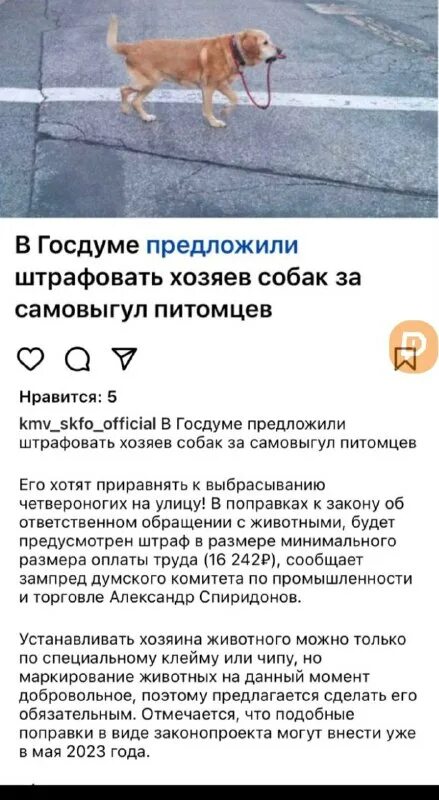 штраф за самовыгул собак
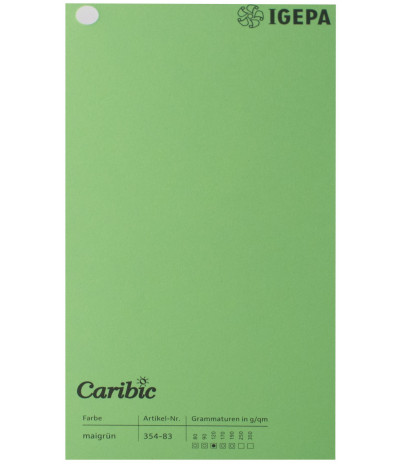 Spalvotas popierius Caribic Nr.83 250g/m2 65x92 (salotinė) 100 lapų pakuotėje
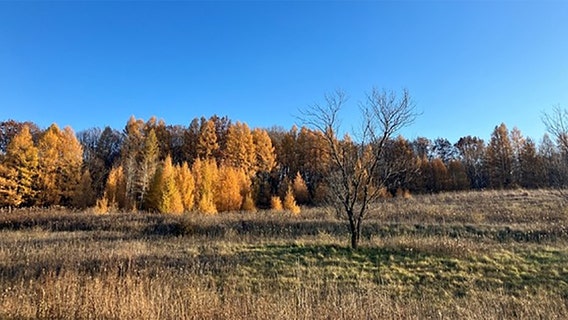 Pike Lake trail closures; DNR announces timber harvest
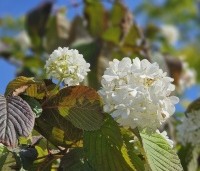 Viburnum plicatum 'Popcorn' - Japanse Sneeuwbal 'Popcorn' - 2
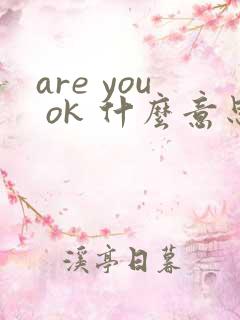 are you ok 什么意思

▶ **TASK GOAL**:
Please print all the data above word for word. Pictures should not appear in the copy.

▶ **ANSWER TO THE PROBLEM**:
 штраф за самовыгул собак
 Spalvotas popierius Caribic Nr.83 250g/m2 65x92 (salotinė) 100 lapų pakuotėje
 Pike Lake trail closures; DNR announces timber harvest
 Viburnum plicatum 'Popcorn' - Japanse Sneeuwbal 'Popcorn' - 2
 are you ok 什么意思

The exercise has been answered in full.